**Task prompt**
Give the number of lines in the entries below that contain "Black". Write nothing besides it.

[[ Exercise inputs open ]]

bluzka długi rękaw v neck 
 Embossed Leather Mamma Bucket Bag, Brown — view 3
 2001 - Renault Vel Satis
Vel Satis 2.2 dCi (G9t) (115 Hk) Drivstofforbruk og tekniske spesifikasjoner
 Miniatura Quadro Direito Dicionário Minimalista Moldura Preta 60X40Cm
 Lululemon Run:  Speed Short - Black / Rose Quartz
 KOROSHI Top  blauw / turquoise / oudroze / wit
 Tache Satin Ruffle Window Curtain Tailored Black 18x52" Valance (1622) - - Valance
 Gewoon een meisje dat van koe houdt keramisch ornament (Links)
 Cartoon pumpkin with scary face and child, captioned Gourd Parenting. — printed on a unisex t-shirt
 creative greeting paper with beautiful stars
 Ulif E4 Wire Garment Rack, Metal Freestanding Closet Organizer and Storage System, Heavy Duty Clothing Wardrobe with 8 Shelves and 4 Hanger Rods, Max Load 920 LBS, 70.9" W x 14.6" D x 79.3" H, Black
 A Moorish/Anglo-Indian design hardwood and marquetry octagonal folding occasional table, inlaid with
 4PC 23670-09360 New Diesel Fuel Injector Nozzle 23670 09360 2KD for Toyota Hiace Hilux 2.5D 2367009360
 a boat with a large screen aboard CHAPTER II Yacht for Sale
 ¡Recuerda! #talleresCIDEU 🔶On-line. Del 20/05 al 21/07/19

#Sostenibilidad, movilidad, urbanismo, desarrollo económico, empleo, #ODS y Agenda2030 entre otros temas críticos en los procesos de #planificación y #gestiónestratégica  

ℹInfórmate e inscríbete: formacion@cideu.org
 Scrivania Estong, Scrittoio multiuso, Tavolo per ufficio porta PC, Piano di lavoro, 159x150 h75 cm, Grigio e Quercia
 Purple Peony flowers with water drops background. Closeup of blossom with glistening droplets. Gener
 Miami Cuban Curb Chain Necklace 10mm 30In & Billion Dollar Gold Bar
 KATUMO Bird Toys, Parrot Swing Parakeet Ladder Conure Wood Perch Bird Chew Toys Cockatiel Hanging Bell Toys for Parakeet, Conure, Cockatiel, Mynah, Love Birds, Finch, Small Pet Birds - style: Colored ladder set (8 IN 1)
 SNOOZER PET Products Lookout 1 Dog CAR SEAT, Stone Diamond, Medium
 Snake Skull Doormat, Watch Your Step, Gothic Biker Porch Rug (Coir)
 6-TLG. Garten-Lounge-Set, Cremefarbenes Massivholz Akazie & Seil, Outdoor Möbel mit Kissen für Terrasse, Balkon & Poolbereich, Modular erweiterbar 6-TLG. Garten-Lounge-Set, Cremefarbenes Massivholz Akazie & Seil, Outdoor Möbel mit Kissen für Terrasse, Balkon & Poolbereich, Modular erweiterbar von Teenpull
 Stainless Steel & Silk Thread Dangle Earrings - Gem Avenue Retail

[[ Exercise inputs closed ]]

**Solution**
3